An object with a mass of 2.489x10^1 kg is subjected to a force of 4.8124x10^2 N directed at an angle of 2.819x10^1 degrees from the x axis. A second force of 2.84529x10^3 N acting in the negative X directions is also applied to the object. To two significant figures what is the net acceleration in the X direction?
see the other post in the y direction.
To find the net acceleration in the X direction, we need to calculate the x-component of each force. We can then sum up the x-components to find the net acceleration.
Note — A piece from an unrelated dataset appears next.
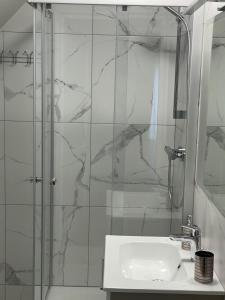 a bathroom with a glass shower and a sink at Mazoji vila in Birštonas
First, let's find the x-component of the force at an angle:
F_x = F * cos(theta)
where F is the magnitude of the force and theta is the angle with respect to the x-axis.
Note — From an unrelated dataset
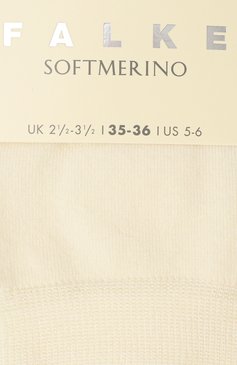 Женские носки softmerino из шерсти и хлопка FALKE белого цвета, арт. 47488 | Фото 2 (Материал внешний: Шерсть; Материал сплава: Проставлено; Нос: Не проставлено)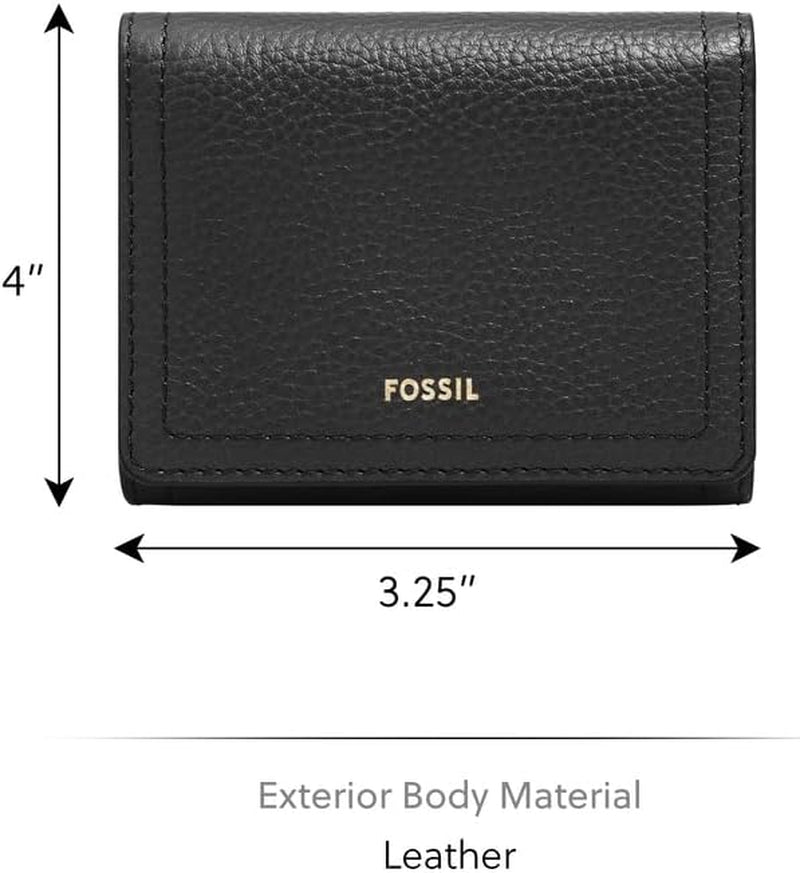 Portefeuille à trois volets Fossil Logan pour femme, noir Naty Shop Portefeuille pour femme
Plugging in the values given:
F_x = 4.8124x10^2 N * cos(2.819x10^1 degrees)
Now, let's find the x-component of the second force:
F2_x = -2.84529x10^3 N (negative because it is in the negative X direction)
Now we can find the net acceleration:
Net acceleration in the x-direction = (Sum of x-components of forces) / mass
Net acceleration = (F_x + F2_x) / mass
Substituting the values we calculated:
Net acceleration = (4.8124x10^2 N * cos(2.819x10^1 degrees) - 2.84529x10^3 N) / (2.489x10^1 kg)
Calculating this expression will give us the net acceleration in the X direction.